▸ **Data for analysis**:
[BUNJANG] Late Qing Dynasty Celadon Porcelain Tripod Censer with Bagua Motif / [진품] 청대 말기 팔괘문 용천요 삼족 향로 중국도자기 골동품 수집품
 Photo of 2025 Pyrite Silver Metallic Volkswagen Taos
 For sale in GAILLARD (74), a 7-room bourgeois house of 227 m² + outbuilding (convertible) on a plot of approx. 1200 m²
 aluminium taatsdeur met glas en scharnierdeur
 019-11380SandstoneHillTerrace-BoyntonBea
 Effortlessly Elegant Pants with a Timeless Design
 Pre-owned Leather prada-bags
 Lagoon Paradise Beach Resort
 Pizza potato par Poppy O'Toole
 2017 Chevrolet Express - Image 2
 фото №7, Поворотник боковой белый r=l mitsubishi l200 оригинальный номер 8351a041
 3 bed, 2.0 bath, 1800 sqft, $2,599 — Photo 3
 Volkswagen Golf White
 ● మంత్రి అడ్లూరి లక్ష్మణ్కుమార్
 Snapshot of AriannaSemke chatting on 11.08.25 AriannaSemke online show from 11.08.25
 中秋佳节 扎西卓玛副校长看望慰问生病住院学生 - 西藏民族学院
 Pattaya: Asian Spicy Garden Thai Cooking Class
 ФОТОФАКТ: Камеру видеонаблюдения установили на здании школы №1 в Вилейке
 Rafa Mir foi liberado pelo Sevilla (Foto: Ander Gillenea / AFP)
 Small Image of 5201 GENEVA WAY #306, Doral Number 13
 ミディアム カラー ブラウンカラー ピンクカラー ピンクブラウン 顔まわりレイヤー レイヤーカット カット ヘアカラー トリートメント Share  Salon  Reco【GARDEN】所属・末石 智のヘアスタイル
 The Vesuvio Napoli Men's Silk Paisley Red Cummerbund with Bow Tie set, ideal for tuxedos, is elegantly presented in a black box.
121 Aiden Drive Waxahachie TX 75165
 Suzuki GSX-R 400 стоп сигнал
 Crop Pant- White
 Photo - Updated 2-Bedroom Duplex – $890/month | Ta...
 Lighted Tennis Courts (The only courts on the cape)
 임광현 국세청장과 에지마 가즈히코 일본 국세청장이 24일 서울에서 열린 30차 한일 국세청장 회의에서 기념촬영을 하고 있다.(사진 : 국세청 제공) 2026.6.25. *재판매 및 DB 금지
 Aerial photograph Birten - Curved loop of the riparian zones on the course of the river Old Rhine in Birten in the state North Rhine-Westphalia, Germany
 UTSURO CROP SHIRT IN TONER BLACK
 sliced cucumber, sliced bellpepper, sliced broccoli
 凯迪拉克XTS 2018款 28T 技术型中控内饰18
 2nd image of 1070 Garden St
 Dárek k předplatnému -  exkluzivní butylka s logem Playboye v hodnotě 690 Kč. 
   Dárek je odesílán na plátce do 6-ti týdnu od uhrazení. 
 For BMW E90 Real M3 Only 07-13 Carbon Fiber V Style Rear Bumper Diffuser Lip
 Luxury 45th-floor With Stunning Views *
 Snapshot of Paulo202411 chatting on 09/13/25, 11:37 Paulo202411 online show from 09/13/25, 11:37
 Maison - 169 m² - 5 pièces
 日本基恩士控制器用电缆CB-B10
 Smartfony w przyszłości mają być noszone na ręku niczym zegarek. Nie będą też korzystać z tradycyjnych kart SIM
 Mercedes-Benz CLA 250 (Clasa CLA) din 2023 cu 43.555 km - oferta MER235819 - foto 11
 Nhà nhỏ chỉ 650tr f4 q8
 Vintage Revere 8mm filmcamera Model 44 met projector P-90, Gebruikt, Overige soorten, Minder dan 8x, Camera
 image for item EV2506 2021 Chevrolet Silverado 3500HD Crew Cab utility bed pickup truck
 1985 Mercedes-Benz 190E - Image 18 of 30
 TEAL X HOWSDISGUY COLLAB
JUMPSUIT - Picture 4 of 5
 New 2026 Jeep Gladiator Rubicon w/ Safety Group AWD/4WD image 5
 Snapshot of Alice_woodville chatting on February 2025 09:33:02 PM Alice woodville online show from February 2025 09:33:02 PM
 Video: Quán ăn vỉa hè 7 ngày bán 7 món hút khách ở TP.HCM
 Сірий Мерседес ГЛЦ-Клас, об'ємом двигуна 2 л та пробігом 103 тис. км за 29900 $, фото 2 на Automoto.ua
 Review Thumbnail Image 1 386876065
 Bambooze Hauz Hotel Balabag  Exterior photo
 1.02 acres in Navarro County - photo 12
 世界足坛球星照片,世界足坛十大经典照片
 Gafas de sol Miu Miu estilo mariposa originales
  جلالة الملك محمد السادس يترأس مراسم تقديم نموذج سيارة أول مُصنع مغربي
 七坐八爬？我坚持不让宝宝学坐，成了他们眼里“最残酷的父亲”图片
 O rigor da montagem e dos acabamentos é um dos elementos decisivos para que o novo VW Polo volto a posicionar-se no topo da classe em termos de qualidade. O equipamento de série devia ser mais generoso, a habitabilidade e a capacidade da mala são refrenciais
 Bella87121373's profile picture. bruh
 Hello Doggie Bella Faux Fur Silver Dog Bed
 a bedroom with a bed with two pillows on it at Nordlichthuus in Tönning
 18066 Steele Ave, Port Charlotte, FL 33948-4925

▸ **To do**:
Repeat exactly the lines that run from the opening of the listing through the line holding "For sale in". Leave out everything else.

▸ **Answer to the exercise**:
[BUNJANG] Late Qing Dynasty Celadon Porcelain Tripod Censer with Bagua Motif / [진품] 청대 말기 팔괘문 용천요 삼족 향로 중국도자기 골동품 수집품
 Photo of 2025 Pyrite Silver Metallic Volkswagen Taos
 For sale in GAILLARD (74), a 7-room bourgeois house of 227 m² + outbuilding (convertible) on a plot of approx. 1200 m²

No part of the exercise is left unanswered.